Non nego che per un istante pensai che neanche quella volta sarei riuscito a visitare la città fantasma, dato che eravamo entrati nel vivo della conversazione e mi sembrava alquanto scortese e inopportuno lasciarla incompiuta, ma inconsapevolmente proprio con il suo accenno a Frattura Vecchia, quello sconosciuto così espansivo mi servì l’occasione per dichiarargli il reale motivo della mia presenza in quel posto dimenticato. Fu così che, comprendendo il fine del mio viaggio, mi lasciò andare ed io lo confortai dicendogli che sarei tornato poco dopo.
Da Frattura Nuova seguendo l’indicazione per Frattura Vecchia, si attraversa una strada con dei ruderi ma poi, dopo pochi metri, s’intravede da lontano un paesaggio con dei tornanti, un cimitero, tanto verde e il paese arroccato tra le valli, come se volesse nascondersi e mettersi al riparo da possibili nuovi disastri naturali. La strada è in discrete condizioni fino in prossimità del camposanto, percorrendo il sentiero non è asfaltata anche se, attraversandolo, vidi ritornare dalla cima un’auto e un uomo in sella a un motorino malconcio (che tra l’altro ci salutò), ma comunque preferimmo parcheggiare l’autovettura per proseguire a piedi.
All’inizio del sentiero, sono visibili un cartello di divieto arrugginito e un campo da tennis mentre avvicinandosi al paese comincia il percorso in salita, in una serie di curve; camminammo forse mezz’ora o al massimo quaranta/quarantacinque minuti.
Giunti al paese abbandonato, si udiva il belare delle pecore, mentre fummo accolti dall’indifferenza di un branco di cani, protettori del gregge, e da un gruppo di persone che faceva trekking. La prima immagine che si coglie è quella di una chiesa di piccole dimensioni (la chiesa di San Nicola) dove, sporgendosi da uno spiraglio della porta d’ingresso, è visibile l’interno. Oltre a un abbeveratoio in pietra, meritano una menzione particolare anche gli edifici crollati, altre case ristrutturate e una fontana del 1834, che si trova nel piazzale di questo spopolato centro urbano (infatti nel borgo sono funzionanti sia l’acqua che la luce), dove è stato girato il film neorealista “Uomini e lupi” nel 1956, con Yves Montand e Silvana Mangano.

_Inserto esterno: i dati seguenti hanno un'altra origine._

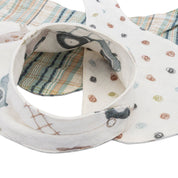 Farmhouse Tractor Muslin Bib Set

Quando all’improvviso la sera si impadronì del cielo, ritornammo al locale, dove scorgemmo quell’uomo dall’aspetto corpulento e col viso rubicondo che stava per andarsene; facemmo giusto in tempo per salutarlo di nuovo e scambiare qualche chiacchiera ancora un po’, prima che tornasse a Sulmona, cittadina dove anche noi, per pura coincidenza, eravamo diretti prima di fare rientro a casa.
Frattura Vecchia e Scanno, da allora, mi sono rimasti nel cuore, come quei posti dove non hai radici ma che sin dall’inizio cambiano il tuo modo di vedere e sai che in qualche modo ti appartengono, restando scolpiti nella tua mente. Di quel giorno, nel declino dell’estate, ricordo il silenzio del tempo ormai perduto, la solitudine delle case rimaste in piedi, le miserie dei residenti che nell’alba trovarono il loro vespro e una brezza triste fra la polvere e le rovine.